Releases: cako/curvelets
Releases · cako/curvelets
v1.1
What's Changed
🎉 New Features
PyTorch UDCT API Refactor & MNIST Example
- Simplified UDCT Construction - The PyTorch
UDCTclass now uses simplified construction vianum_scalesandwedges_per_directionparameters, with optionalangular_wedges_config. Window overlap is now auto-computed, and parameter/window initialization has been refactored for better usability. - Tensor Migration Support - Added
UDCT.apply_to_tensorsandUDCTModule._applymethods, enabling proper tensor migration so.to(),.half(),.float(), and.double()methods now correctly propagate to internal windows and ratios. - New MNIST Classification Example - Added
examples/plot_10_udct_mnist.py, a complete MNIST classifier usingUDCTModuleas a feature extractor.

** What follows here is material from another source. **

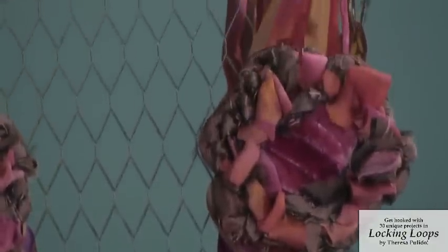So these are just a few of the many diverse designs covered in the new book. Thank you for joining me today. If you'd like to learn more about locker hooking and some of these unique locker hook designs, you can find them in my new book.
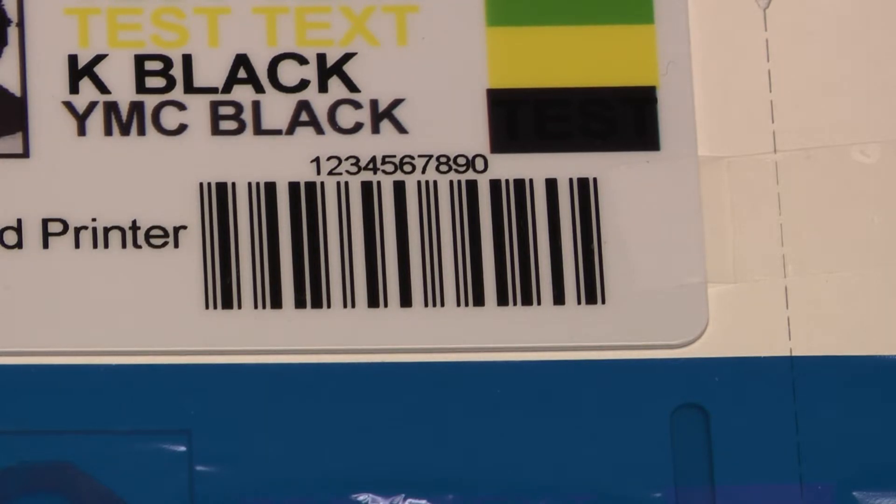Since composite black made up of YMC colors looks very similar to K black, the only sure way to tell is to take out the ribbon, unwind it from the take-up spool, and verify that the barcode and text came out of the K panel.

The example includes:- Training and test loss/accuracy curves
- t-SNE visualization of curvelet features
- Misclassification analysis with worst-case examples
- Demonstrates how curvelet coefficients can replace traditional convolutional layers
- Modernized Autograd Bridge - Updated
_UDCTFunctionto usesetup_contextfor modern PyTorch compatibility and enabled functorchvmapcompatibility for efficient batch processing. - Enhanced Type System - Introduced
_from_sparsehelper to densify windows, updated typing to includeMUDCTCoefficients, and preserved monogenic placeholders (NotImplemented in torch).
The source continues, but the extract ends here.